Ces dispositions pouvaient nous
permettre d'écarter tout détail anecdotique pour
définir cette « maturité » humaine que
provoque le XVIIIè siècle. C'est à partir de ce
moment que l'homme, en se détachant de la fascination que le
Passé a exercé sur sa sensibilité, tend à
introduire dans sa
« condition » la part de perfection ou, au moins
d'amélioration, qui doit caractériser son destin terrestre.

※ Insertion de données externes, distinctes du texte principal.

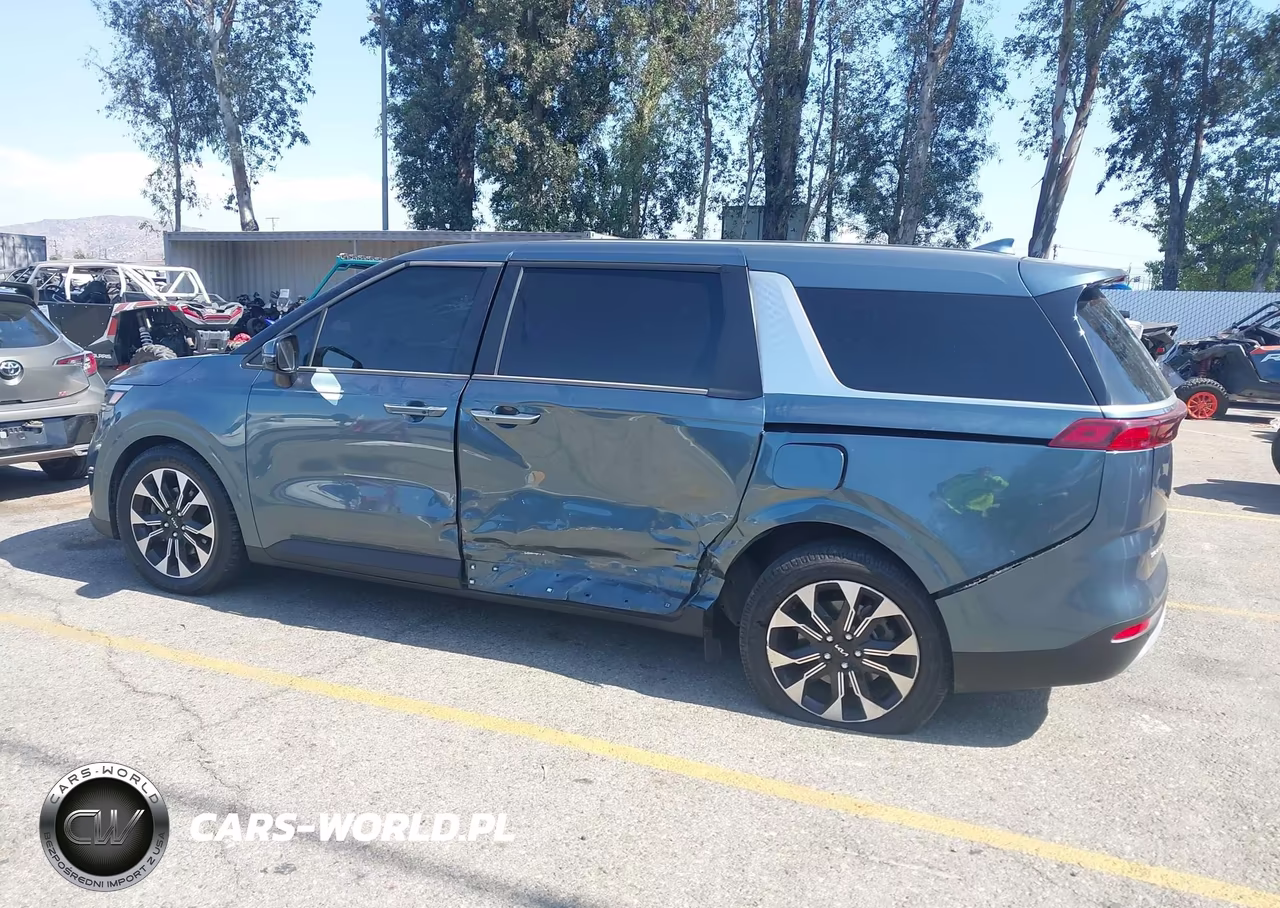 2024 Kia Carnival Mpv Ex VIN:KNDNC5H36R6326078 - 16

Non seulement l'U.N.E.S.C.O. s'intéressera à ce projet,
mais sa généreuse participation financière nous
permettra d'accueillir dans le cadre de Royaumont, pendant six jours,
les 80 délégués qui seront ses hôtes.
Dès octobre 1961, un texte est répandu à travers
le monde qui propose l'ordre de discussions que nous résumons :
1. Eveil de la maturité ;
2, L'homme de la connaissance selon l'Encyclopédie ; celui de la Nature, d'après Rousseau ;
3. Formation de la sensibilité du XIXe siècle ;
4. Intervention de la Science ;
5. L'homme du XXe siècle. Valeurs : créer de la vie ; maîtriser le hasard ;
6. Ebauche d'une transcendance humaine ;
7. La Pédagogie aux dimensions de la Vie.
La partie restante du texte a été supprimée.